In FIG. 1, an optical device 110 in the form of a converging lens is (detachably) mounted on the transparent body. “Detachably” is herein understood to mean that the optical device 111 can be unfastened or disconnected without affecting the optical characteristics of the transparent body. The optical device 110 is situated in the light path of the light beam of the solid-state light source 108 and controls the beam angle of at least a part of the light beam. FIG. 10 illustrates the definition of beam angle 1020 and beam axis 1022. The beam angle 1020 is the angle between the two opposite directions on the beam axis 1022, wherein the luminous intensity is half that of the maximum luminous intensity I_max and the beam axis 1022 is the direction in the center of the beam angle 1020 within which the luminous intensity of a light beam is above a defined threshold (for example, 50%). The beam angle is decreased by means of the converging lens 110, resulting in a light spot with increased intensity. In this particular embodiment, the lens has a radius R of 3 mm and a height of 2 mm. The light spot can be used to illuminate an entity in a showcase with a higher intensity than without optical device 110, so that said entity attracts a potential customer's attention.

The optical device 110 in FIG. 1 is not arranged to adjust the beam axis of the light beam. The measures to be taken to obtain an optical device, which is suitable for controlling the beam angle and/or beam direction, will be evident to those skilled in the art. FIG. 13 illustrates an embodiment of an optical device 1310, which controls the beam angle and beam axis of the light beam 1340 from solid-state light sources 1308.
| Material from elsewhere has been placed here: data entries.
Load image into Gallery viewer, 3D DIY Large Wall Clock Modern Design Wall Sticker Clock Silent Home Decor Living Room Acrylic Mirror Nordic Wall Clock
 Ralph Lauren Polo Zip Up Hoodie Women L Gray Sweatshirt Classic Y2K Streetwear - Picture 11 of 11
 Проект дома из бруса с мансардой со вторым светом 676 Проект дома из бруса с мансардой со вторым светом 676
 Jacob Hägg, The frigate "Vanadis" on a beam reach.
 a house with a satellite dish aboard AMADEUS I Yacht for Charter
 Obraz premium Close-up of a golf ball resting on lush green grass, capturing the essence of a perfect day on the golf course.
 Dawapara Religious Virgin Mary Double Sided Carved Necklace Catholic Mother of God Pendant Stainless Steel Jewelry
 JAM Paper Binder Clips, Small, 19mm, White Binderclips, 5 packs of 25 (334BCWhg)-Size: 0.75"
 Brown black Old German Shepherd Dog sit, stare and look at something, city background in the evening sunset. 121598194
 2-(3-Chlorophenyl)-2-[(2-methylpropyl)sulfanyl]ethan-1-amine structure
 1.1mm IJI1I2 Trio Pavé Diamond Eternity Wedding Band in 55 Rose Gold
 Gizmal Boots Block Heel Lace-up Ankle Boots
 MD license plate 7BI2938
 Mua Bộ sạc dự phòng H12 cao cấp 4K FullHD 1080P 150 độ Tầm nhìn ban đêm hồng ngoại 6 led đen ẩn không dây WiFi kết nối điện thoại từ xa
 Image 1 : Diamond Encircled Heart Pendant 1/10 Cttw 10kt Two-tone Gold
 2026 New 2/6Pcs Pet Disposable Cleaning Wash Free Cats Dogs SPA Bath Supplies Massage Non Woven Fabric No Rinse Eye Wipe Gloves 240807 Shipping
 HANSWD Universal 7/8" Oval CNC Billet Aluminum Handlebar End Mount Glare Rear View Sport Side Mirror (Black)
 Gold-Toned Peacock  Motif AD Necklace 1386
It can be seen from FIG. 1 that a wide-beam angle LED transmits light at a beam angle of almost 180°. A part of the light beam travels through the converging lens, resulting in a light spot of increased intensity.

The lens 110 may be mounted on the transparent body by means of a transparent glue or a transparent two-sided adhesive tape. A means for detachably mounting the optical device 110 on the transparent body 100 is preferably used. This has the advantage that in cases of, for example, redecoration of a showcase, the optical devices can be replaced with optical devices having light beam control characteristics, such as beam angle width and beam direction, with which the desired illumination of the entities in the showcase is obtained. In an embodiment, the optical devices are therefore in the form of a sticker, which can be obtained from a sticker sheet with a plurality of optical devices. An optical device in the form of a sticker allows quick and clean installation of the lenses on the surface of the transparent body. An embodiment of the sticker sheet comprises optical devices having different characteristics with respect to beam angle and beam direction. It is also possible to provide a “sticker book” containing a wider range of different lenses, so that the beam angle can be adapted to an end-user's specific needs. The sticker book may comprise, for example, lenses having a 5°, 10°, 30°, or 60° beam angle and an adjustment of the beam axis by 5°, 10°, 20°, 30° or 45°.

FIG. 2 is a schematic cross-section of a second embodiment of the invention. In this embodiment, an optical device 210 in the form of a bowl mirror reflector is positioned in the light path of the light beam generated by the solid-state light source 208. The solid-state light source 208 is mounted on a first transparent layer 202 and transmits the light beam via the air gap 206 through the second transparent layer 204 to the optical device 210. The optical device reflects and controls the beam angle and/or the beam direction. Optionally, the light beam has a focal point 212. Furthermore, the optical device is adapted to correct the light beam passing through the transparent body.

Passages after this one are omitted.